Trump attorneys, in their filing Monday, said national security is at stake. They said Mr. Trump made a judgment that screening procedures weren’t good enough to keep out potential terrorists and that the pause gave the government a chance to improve its vetting.

“The potential national-security risks and harms resulting from the compelled application of procedures that the president has determined must be re-examined, for the purpose of ensuring an adequate measure of protection for the nation, cannot be undone. Nor can the effect on our constitutional separation of powers,” the attorneys said.

The halt on visitors from Iran, Iraq, Syria, Somalia, Sudan, Libya and Yemen was scheduled to expire in 90 days, and the halt on refugees was to last 120 days. The one exception is Syrian refugees, who are blocked indefinitely.

Even if some states are harmed by the vetting policy, the administration attorneys said, Judge Robart’s ruling should have been limited only to states that complained.

The panel of judges set to hear arguments and consider whether to keep the executive order on hold are William Canby Jr., an appointee of President Carter; Richard Clifton, an appointee of President George W. Bush; and Michelle T. Friedland, an appointee of President Obama.

The panel could take one of two tracks, said lawyer Ben Feuer, chairman of the California Appellate Law Group and a former clerk on the circuit.

The court could delve further into the merits of the arguments than Judge Robart did, or the panel could take a minimal and technical approach and keep its opinion narrow to address the question of whether the executive order should be put on hold while the lower court goes through the lengthy process of deciding the case.

“The trial court didn’t explain why the plaintiffs are likely to prevail on the merits,” Mr.

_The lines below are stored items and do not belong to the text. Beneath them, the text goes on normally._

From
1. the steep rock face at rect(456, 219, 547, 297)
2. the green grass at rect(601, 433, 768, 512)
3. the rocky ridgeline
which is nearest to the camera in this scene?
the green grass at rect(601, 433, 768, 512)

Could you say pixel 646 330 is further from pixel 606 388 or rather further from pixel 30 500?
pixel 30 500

Feuer said. “That is sort of a tough procedural position to go on for the appeals court because the trial court isn’t clear.”

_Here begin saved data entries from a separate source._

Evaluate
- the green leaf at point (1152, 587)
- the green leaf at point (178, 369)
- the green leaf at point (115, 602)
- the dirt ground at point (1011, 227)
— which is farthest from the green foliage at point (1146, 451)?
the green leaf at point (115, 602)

Either way, he expects the court to rule quickly on the matter — likely within the next several days.

The case has become a major test of the extent of presidential powers when it comes to immigration. It’s also serving as an early test for the political forces vowing to resist Mr. Trump, many of whom have filed briefs in the case siding with opponents of the president.

Ten former top U.S. security officials and diplomats called the executive order an “ill-conceived, poorly implemented and ill-explained” plan that “could do long-term damage” to American national security and foreign policy interests.

The ban could harm American interests by endangering U.S. troops abroad, serving as a recruitment tool for the Islamic State and undermining relationships between American Muslim communities and local law enforcement, wrote the former officials.

The 10 signatories — most of them political appointees of Democratic presidents — were Madeleine K. Albright, Avril D. Haines, Michael V. Hayden, John F. Kerry, John E. McLaughlin, Lisa O. Monaco, Michael J. Morell, Janet A. Napolitano, Leon E. Panetta and Susan E. Rice.

Meanwhile, attorneys general from 15 states and the District of Columbia filed an amicus brief in opposition, arguing that the order harmed businesses, tourism, medical institutions and universities.

In one example highlighted in the brief, the attorneys general wrote that nearly 1,000 citizens from the affected countries were studying in New York on temporary visas in 2015 and collectively contributed $30.4 million — through tuition payments and living expenses — to the state’s economy.